Benson’s wife gave him a cane-sword; you know, where the cane is the sheath, hiding a slim blade? Kind of like Watson’s in the RDJ Sherlock Holmes. Well, he chased Chloe Myers up the stairs in the Snow building, brandishing his cane, yelling “GET BACK HERE.” All for a mother duck and her ducklings. In his defense, they were very fluffy.
Benson’s a “bad man.” He has a skull ring. To demonstrate his level of hardcore-cery, he burst through the Black Box theatre doors, sunglasses, purple shirt and a tie rather reminiscent of Van Gogh’s “Starry Night.” He sauntered towards me and Chloe Myers, then threw-tipped over a chair. He looked at our mirthfully twitching bodies, then proceeded to kick over some safety cones a la Jackie Chan style.
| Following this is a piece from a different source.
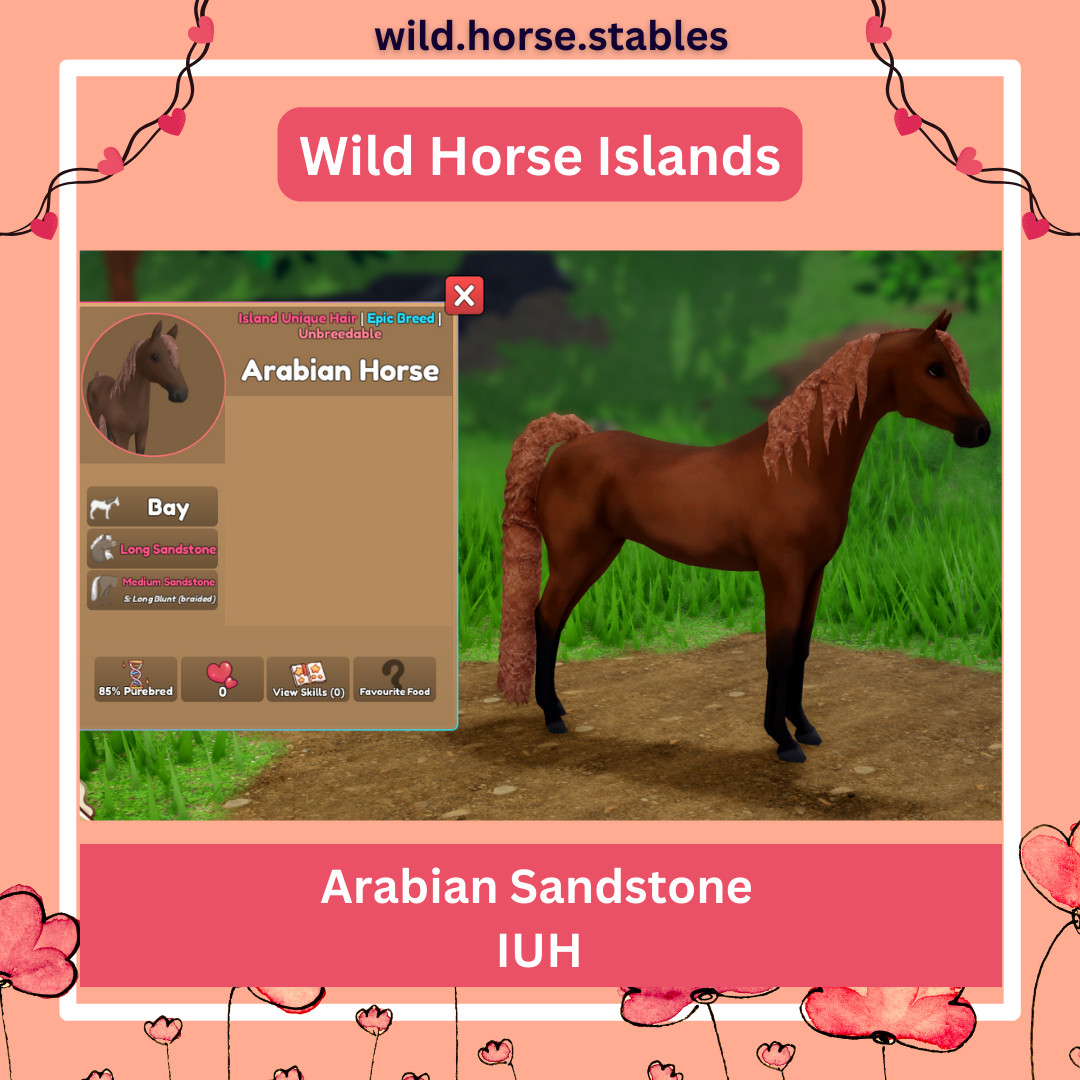 Wild Horse Islands – Arabian Island Unique Hairs/IUH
A flurry of karate kicks and the caution tape was wasted.
“I’m a bad man.” he said.
In New York, Mormons have the occupational hazard of getting asked silly questions. Benson’s aware of this. His favorite thing to do is make the people that ask him foolish questions feel silly. When they ask him “how many wives do YOU have?” Benson would reply “One...” then look at the questioner’s wife or daughter and say “But I’m always looking for more!!” Lesson learned: don’t gaud Benson into these kinds of tussles and fights.
“Because... I will always win.” said he, as he threw a pencil at the ceiling.
“Sleep deprivation is for everybody.” says Benson after a long night of programing light cues.